Solving the equation using the quadratic formula:
w = (-168 ± √(168² - 4 × 4 × -1160)) / (2 × 4)
= (-168 ± √(28224 + 18560)) / 8
= (-168 ± √(46784)) / 8
= (-168 ± 216) / 8
Taking the positive value, we get:
w = (-168 + 216) / 8
w = 48 / 8
w = 6
Therefore, the width of the road surrounding the rectangular garden is 6 meters.
1. Let's start by considering the dimensions of the garden. We are given that the length of the rectangular garden is 50 m and the width is 34 m.

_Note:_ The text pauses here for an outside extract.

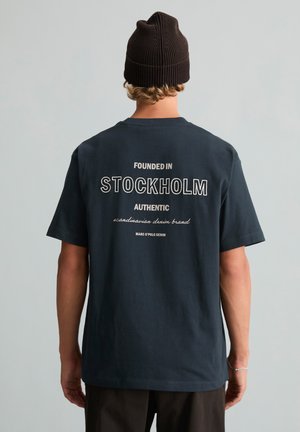 Personne portant un bonnet noir et un t-shirt foncé avec un texte blanc "Founded in Stockholm Authentic Scandinavian denim brand" dans le dos.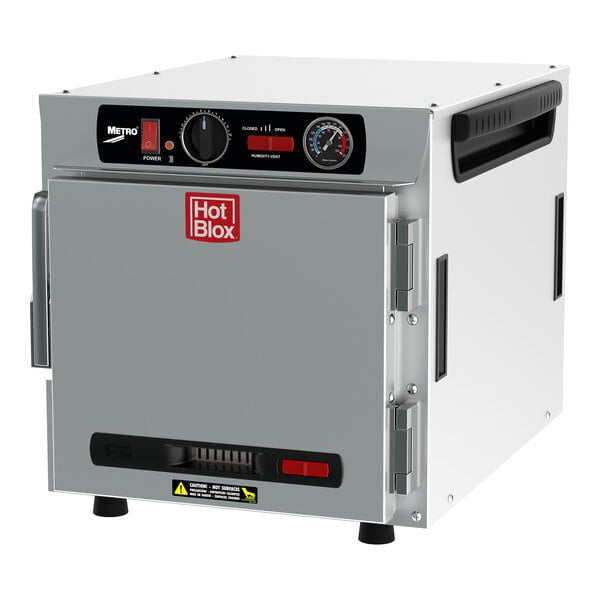 A white rectangular Metro HotBlox heated holding cabinet with dials and buttons.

2. We need to find the width of the road. Let's assume the width of the road to be x meters.
3. If the width of the garden is 34 m, and we add the width of the road on both sides, the total width becomes 34 + 2x.
4. Similarly, if the length of the garden is 50 m, and we add the width of the road on both ends, the total length becomes 50 + 2x.

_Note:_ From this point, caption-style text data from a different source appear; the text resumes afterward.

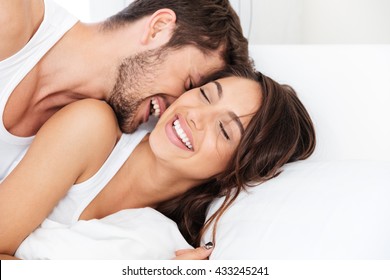 Young Happy Couple Lying Together In Bed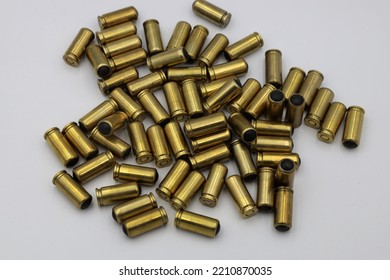 A Pile Of Pistol Cartridges With Rubber Bullets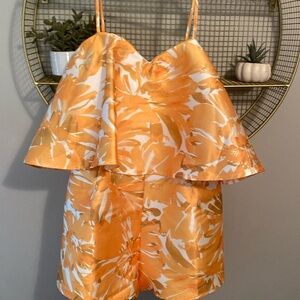 Orange romper with zip up closure! Size L from these three boutique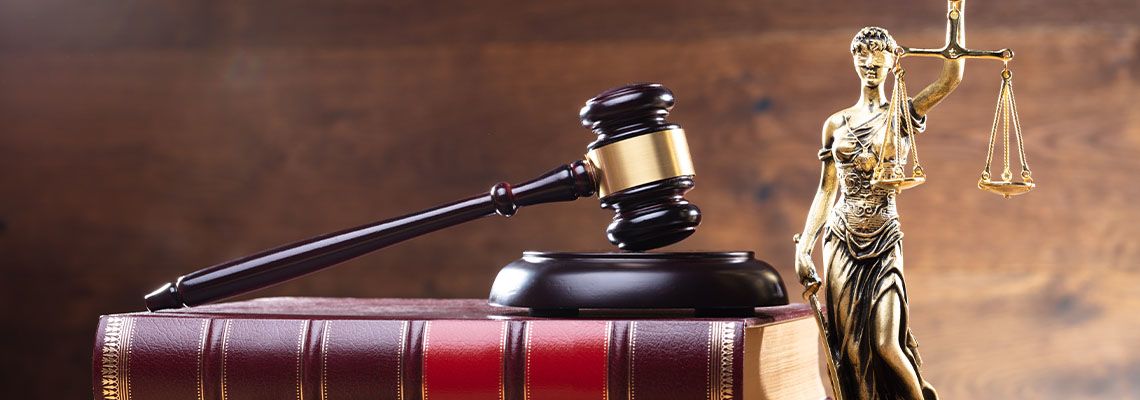 Lady Justice Near Gavel Over Law Book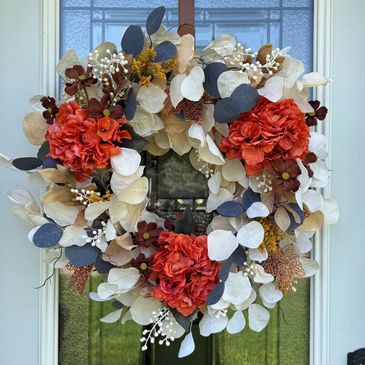 A vibrant floral wreath with orange and cream flowers on a glass door.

5. Now, to calculate the area of the rectangular garden and road combined, we multiply the new length (50 + 2x) by the new width (34 + 2x). This gives us the equation:
(50 + 2x) * (34 + 2x) = 540
6. Next, we can expand this equation by using the FOIL method (First, Outer, Inner, Last):
50 * 34 + 50 * 2x + 2x * 34 + 2x * 2x = 540
7. Simplifying further, we have:
1700 + 100x + 68x + 4x^2 = 540
8. Combining like terms and rearranging the equation, we get a quadratic equation in standard form:
4x^2 + 168x + 1160 = 0
9. Now, we can solve this quadratic equation using factoring, completing the square, or the quadratic formula. In this case, let's use the quadratic formula:
x = (-b ± √(b^2 - 4ac)) / 2a
Applying this formula, we have:
x = (-168 ± √(168^2 - 4 * 4 * 1160)) / (2 * 4)
x = (-168 ± √(28224 - 18560)) / 8
x = (-168 ± √(9664)) / 8
x = (-168 ± 98.3) / 8
10. By solving the equation, we get two possible values for x:
x = (-168 + 98.3) / 8 ≈ -8.96
x = (-168 - 98.3) / 8 ≈ -33.91
Since a negative width doesn't make sense in this context, we can disregard the negative value.
11. Therefore, the width of the road surrounding the rectangular garden is approximately 8.96 meters.